When we last debated in Houston, Steve Badger could hardly wait to share a new case with the Insurance Appraisal and Umpire (IAUA) audience.1 With me paraphrasing, this is my recollection of what Badger said about the case:

The main issue addressed by this case is: Does the standard appraisal award form language resolve disputes as to the extent/cause of damage and/or date of loss?

This case holds it does not.

…This opinion confirms the right to litigate the extent and cause of damage as well as date of loss issues when an award uses just the standard boilerplate appraisal award form language.

I always advocate for clarity in our appraisal awards, so we know what the panel considered, whether the award is final, and whether we still have a right to litigate certain issues. Ambiguity is not good for anyone. Whenever we have issues concerning the existence, extent of damage, or date of loss, insurers should make sure there is a paper trail in the appraisal process showing our efforts to bring clarity to what the panel is considering. This should be by either using an appraisal protocol or by providing suggested appraisal award language. At a minimum, the insurance company appraiser should raise these issues with the appraisal panel.

So, what did the judge actually say? The judge noted these facts:    

The appraisers submitted their award and schedules detailing the expenses and the total appraisal amount. The documents identify the ‘Date of Loss’ as April 15, 2021, and identify the ‘Type of Loss’ as ‘hail and wind damage.’ The award itself provided $21,784.01 as the amount of loss, reflecting a replacement cost of $30,738.15, less $8,954.14 in depreciation. The award does not contain any statement from the appraisers that, for example, they only evaluated damage that occurred on or about April 15, 2021, or that the appraisal amount reflects any apportionment between uncovered and covered losses. Below the appraisers’ signatures, the award states:

This award is made without consideration of any deductibles or prior payments. Such deductibles and prior payments will be subtracted from any payments due and owing as a result of the entry of this award. This award is made subject to all the terms, conditions, and exclusions of the policy which may be the subject of this appraisal.
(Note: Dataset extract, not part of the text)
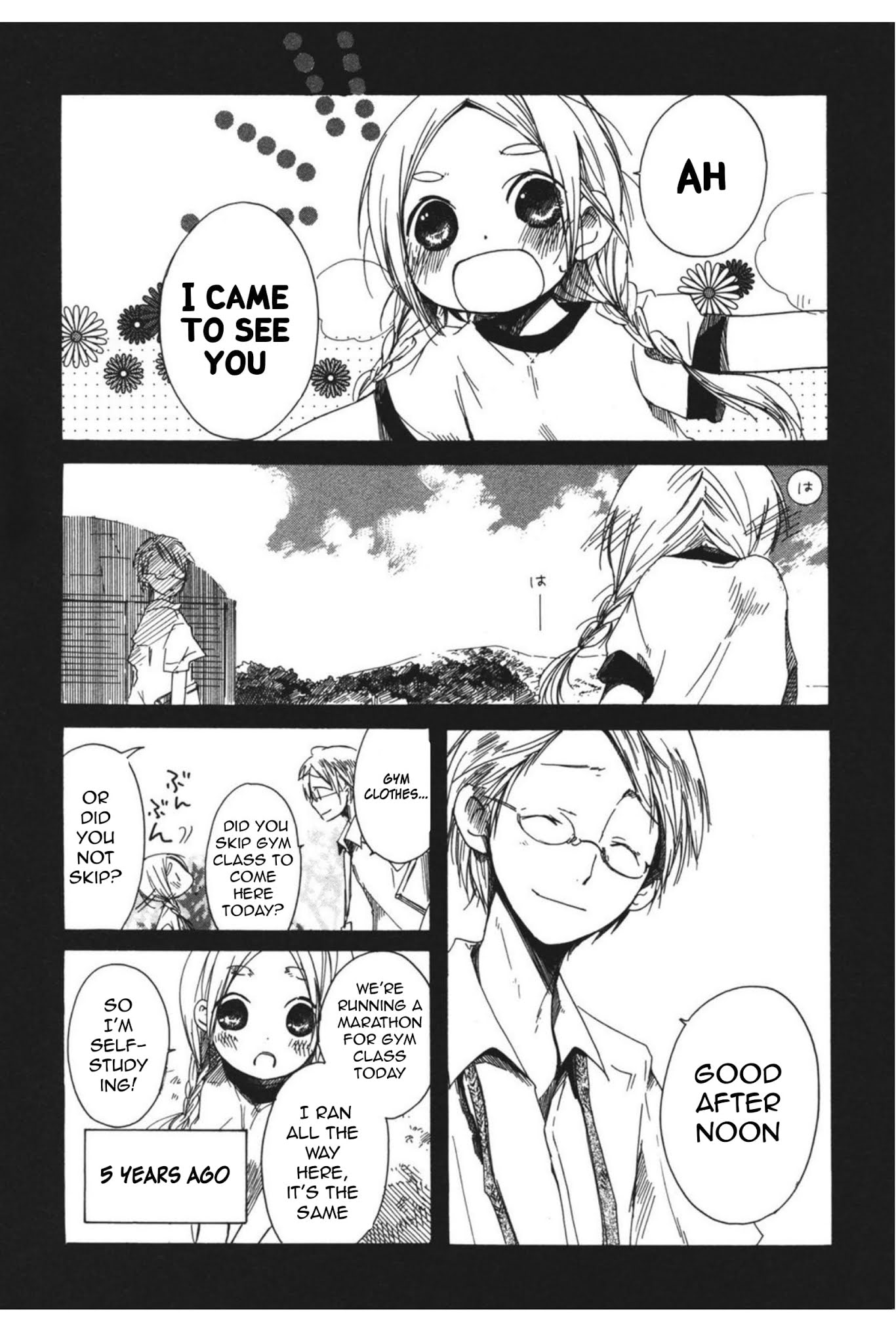 Tabi to Michizure chapter 13 page 11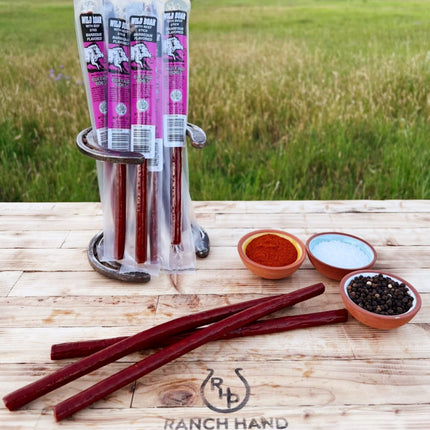 BBQ Wild Boar Stick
The appraisers here made no effort to determine whether the loss occurred during the coverage period, and they did not state that Hoff’s policy covered the claimed loss.

… The appraisers in this case did not find the date when the damage occurred. While the supporting materials to the award indicate that the appraisers considered April 15, 2021, as the date of loss, nothing in the award suggests that the appraisers segregated any damage from the total appraisal amount because that damage occurred on a different date. The award did state the roof’s replacement cost, less depreciation, but did not separate what damage was covered from what was not based on the date of loss.

So, the judge denied the policyholder’s motion for summary judgment, stating:

The court agrees with Meridian that the award does not establish liability for a covered loss under the policy.

Steve Badger is correct that the award form did not satisfy the court in this case and with these facts. We can learn from and be mindful of these unique case facts. Still, many appraisal panels in states other than Texas make valid awards that determine the amount of hail and wind damage using this form.    

My suggestion is to list the perils of damage and the date of the damage so that there is no confusion when making an appraisal award form. Further, I would make certain that if the panel is in Texas, the award should state that the appraisers “only evaluated damage that occurred on or about” a certain date and that the appraisal amount reflects apportionment between alleged uncovered damage and covered losses caused by the covered perils. In this manner, Texas policyholders may finally get paid and avoid even more claims payment delays.  

Thought For Day

The quality of our lives depends not on whether or not we have conflicts, but on how we respond to them.

—Thomas Crum  

1 Hoff v. Meridian Security Ins. Co., No. H-23-00041, 2023 WL 5192013 (S.D. Tex. Aug. 11, 2023).